TASK GOAL> Transcribe exactly the entries from the "ADG_Projet associatif_2026-30_30" line to the end, both included, minus pictures.

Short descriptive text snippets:

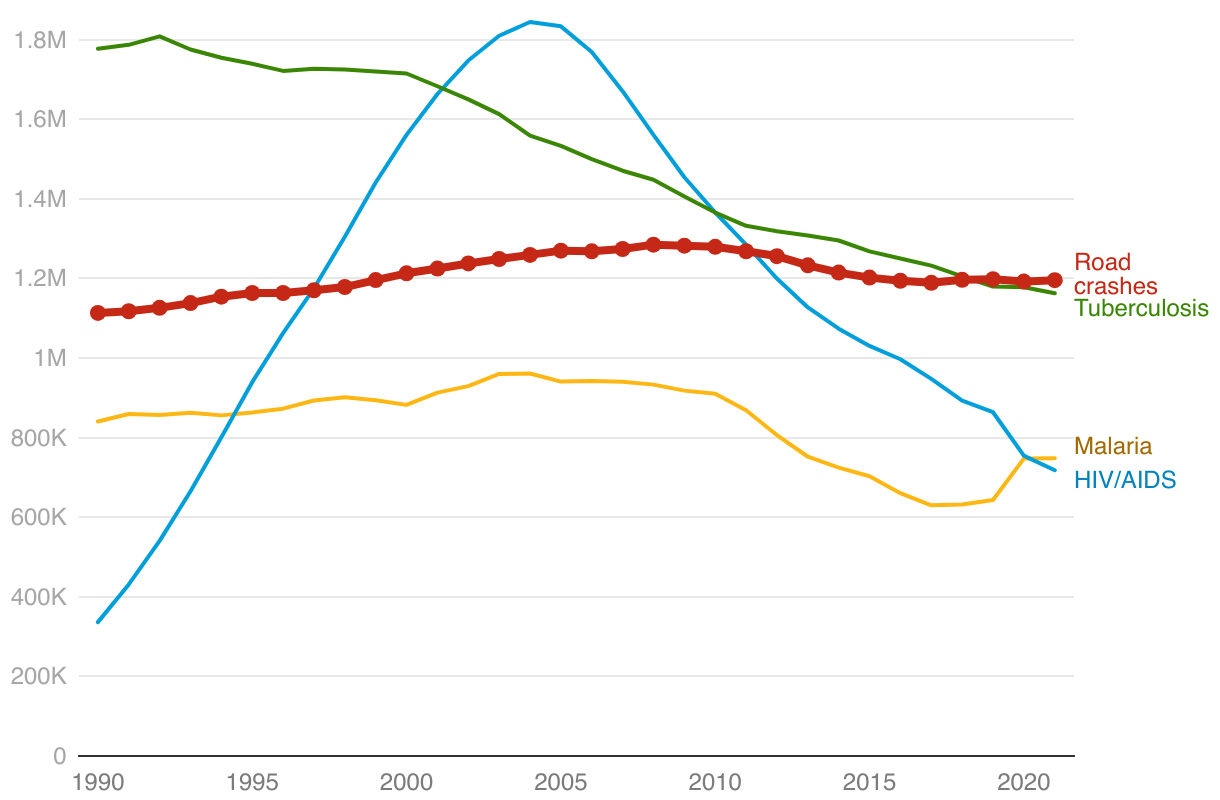 IHME GBD (2021) Graph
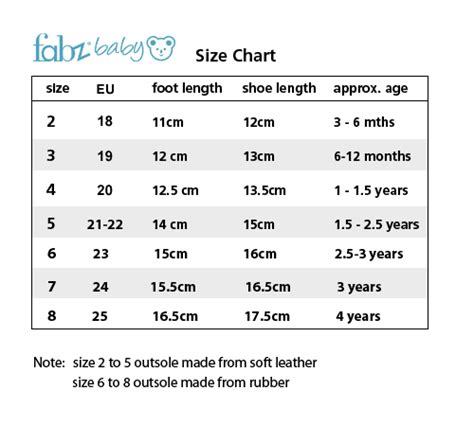 Baby Clothing Sizes By Age Unisex Baby Clothes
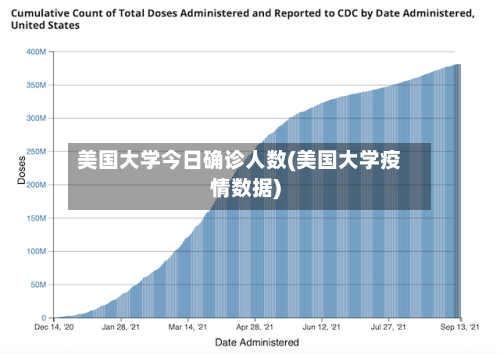 美国大学今日确诊人数(美国大学疫情数据)-第2张图片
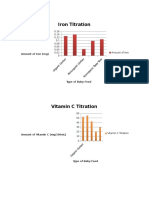 Graphs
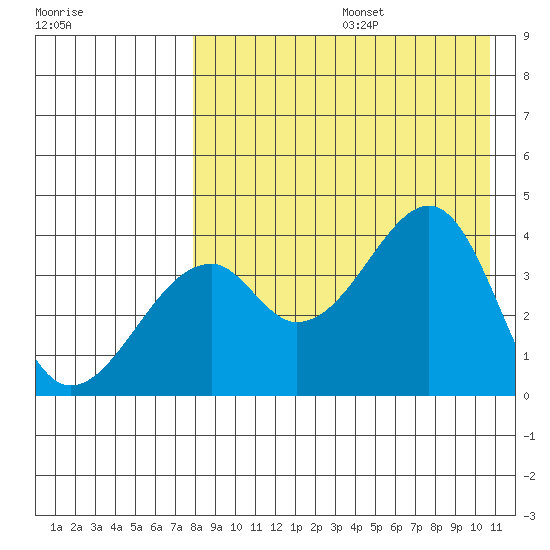 Driftwood Bay tide chart for Thursday, August 14, 2025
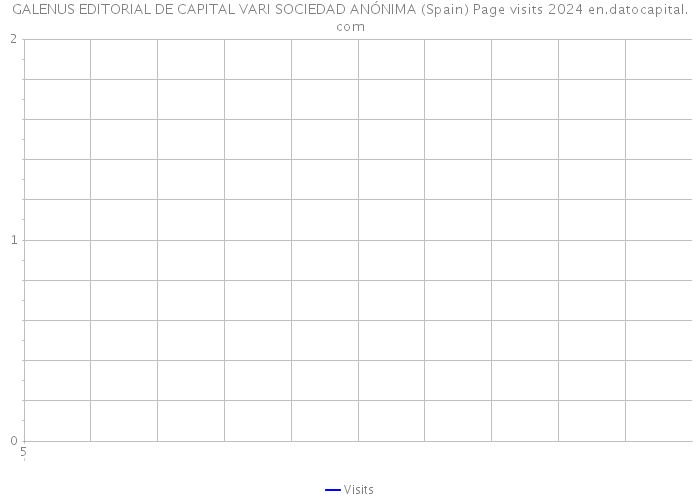 GALENUS EDITORIAL DE CAPITAL VARI SOCIEDAD ANÓNIMA (Spain) Page visits 2024 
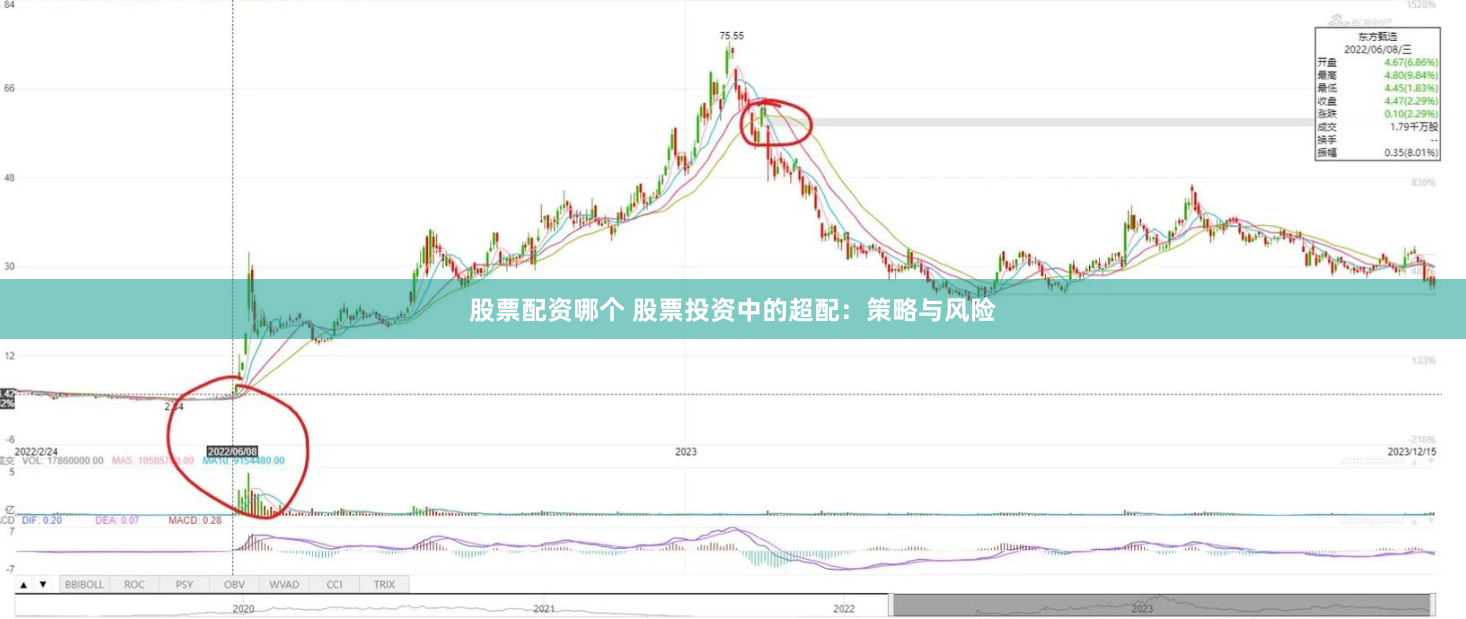 股票配资哪个 股票投资中的超配：策略与风险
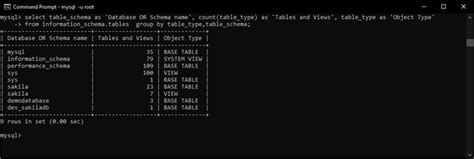 Mysql Show Tables 2 Methods To List Database Tables {coding}sight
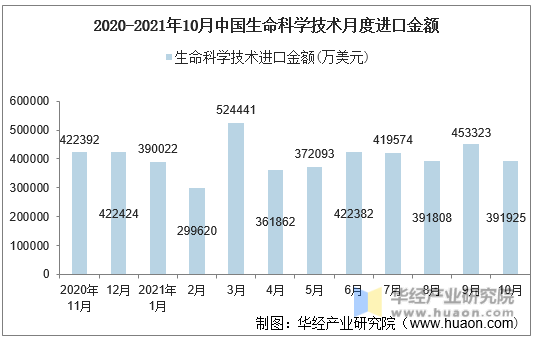 2020-2021年10月中国生命科学技术月度进口金额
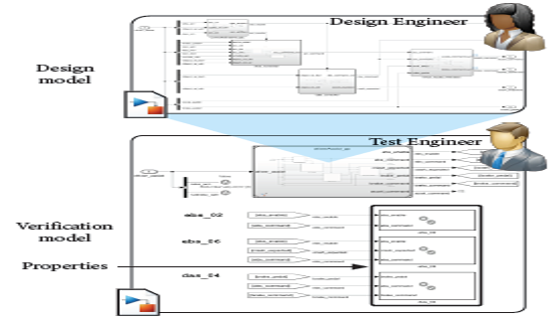 TechSource Systems Pte Ltd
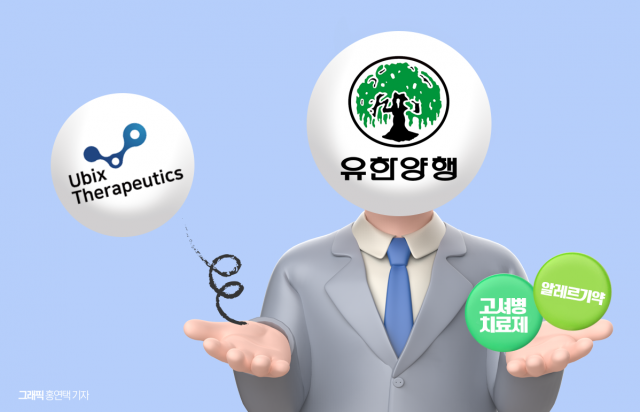 유한양행, 전립선암 후보물질 반환···R&D 전략 '흔들'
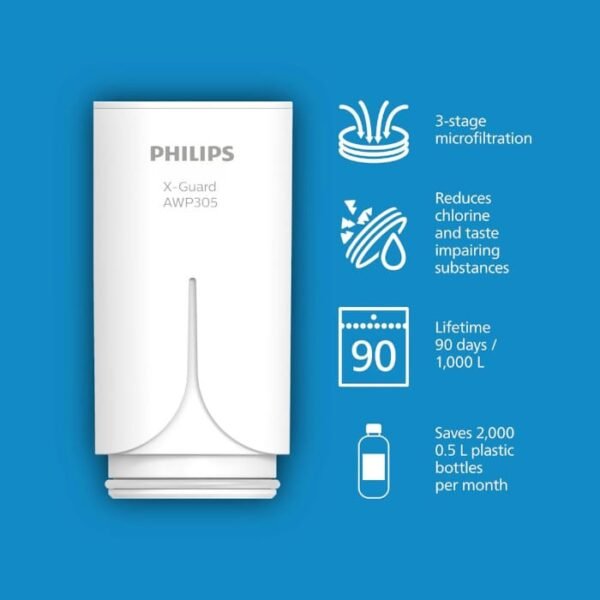 Philips Water microfiltración y pantalla digital - Imagen 3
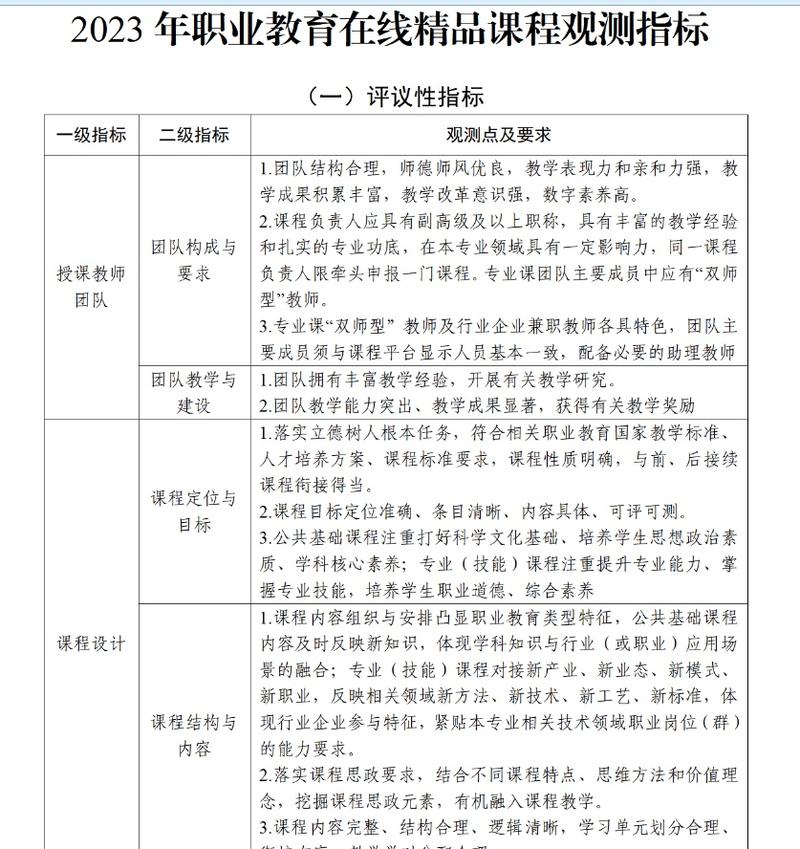 教育部办公厅关于开展2023年职业教育 国家在线精品课程遴选工作的通知生财点：1.提供课程录制服务，剪辑2.提供内容服务，报选题3.从课程内容，可以看出来国家职业教育发展关注的方向-网创风向标论坛-网络创业-网创圈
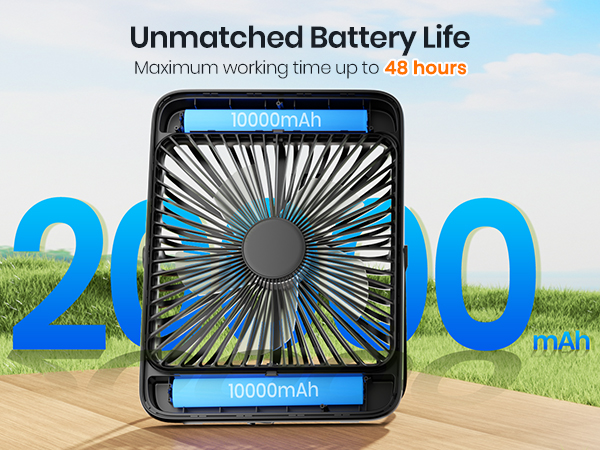 Portable fan with digital display showing 2000mAh battery capacity. Text indicates up to 48 hours of operation. Fan blades visible through protective grill.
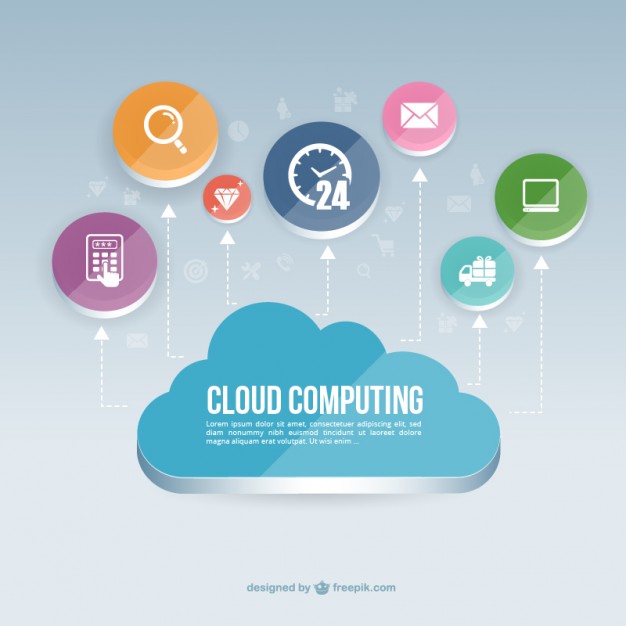 Cloud Computing Infographic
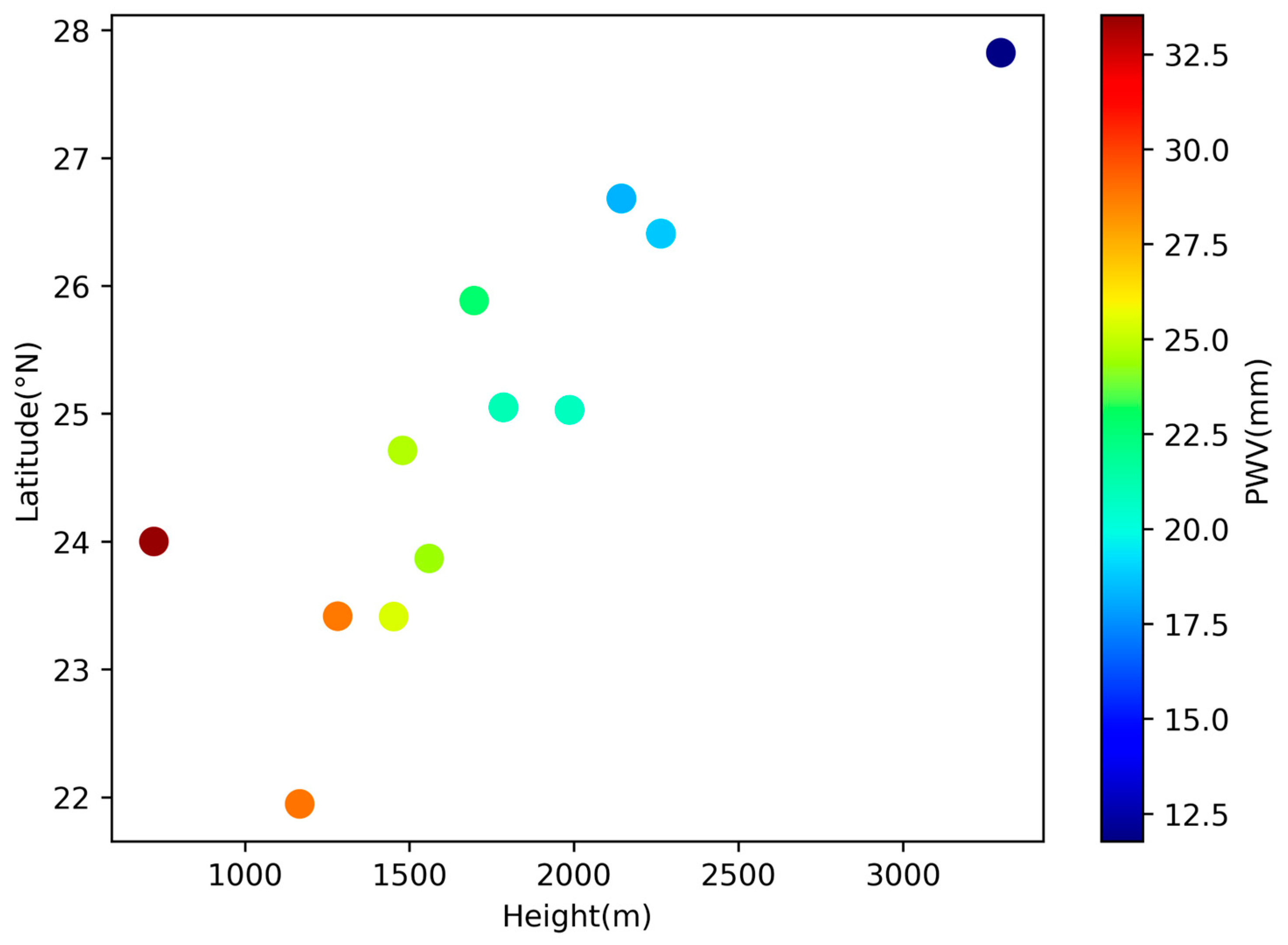 Remotesensing 16 00412 g005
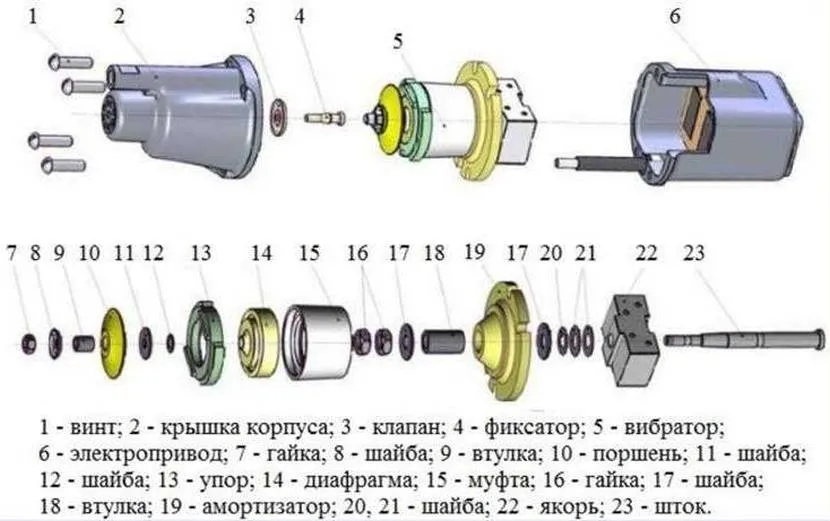 Розбирання насоса Малюк здійснюється за наступною схемою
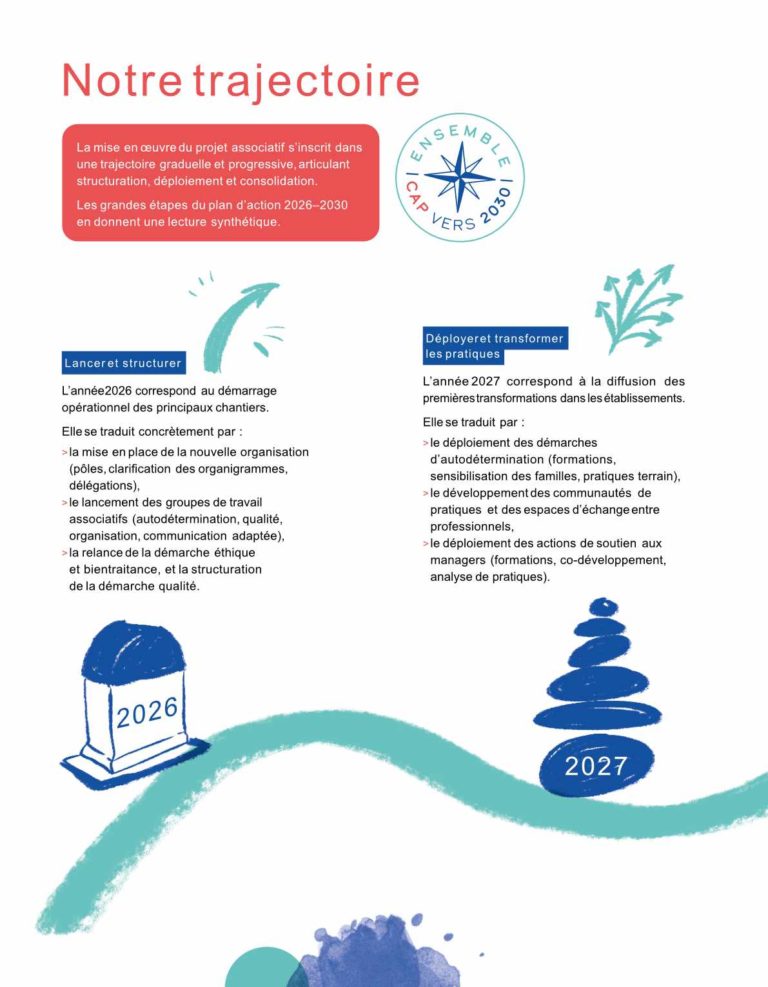 ADG_Projet associatif_2026-30_30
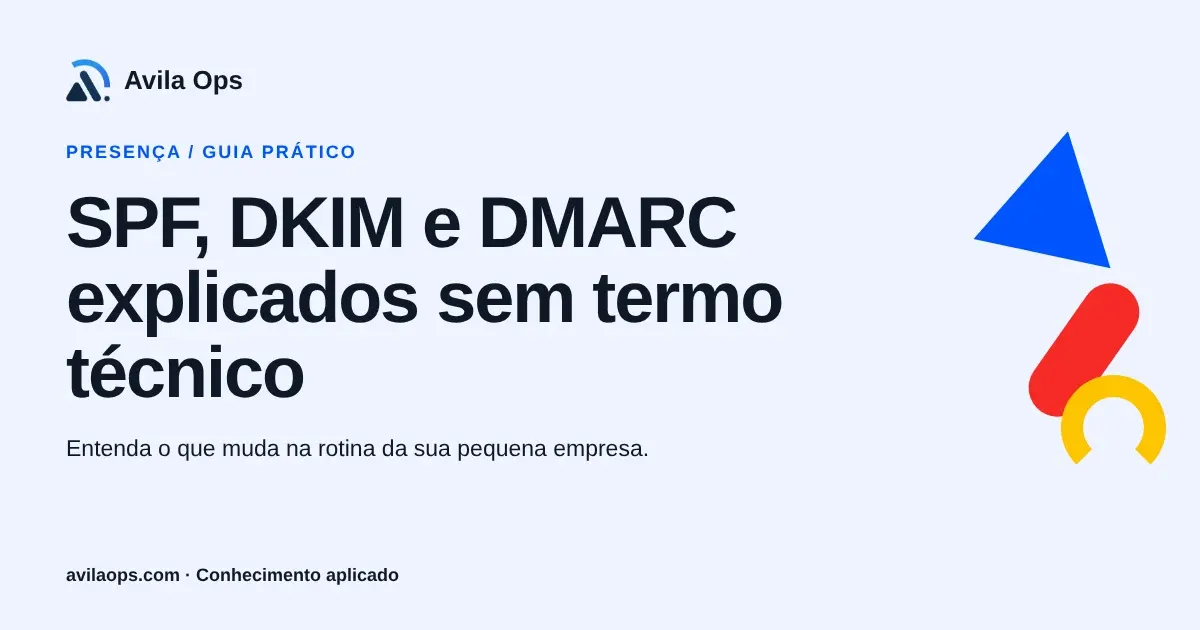 Cartaz editorial com o título “SPF, DKIM e DMARC explicados sem termo técnico” e formas azul, vermelha e amarela da Avila Ops.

EXERCISE RESULT>
 ADG_Projet associatif_2026-30_30
 Cartaz editorial com o título “SPF, DKIM e DMARC explicados sem termo técnico” e formas azul, vermelha e amarela da Avila Ops.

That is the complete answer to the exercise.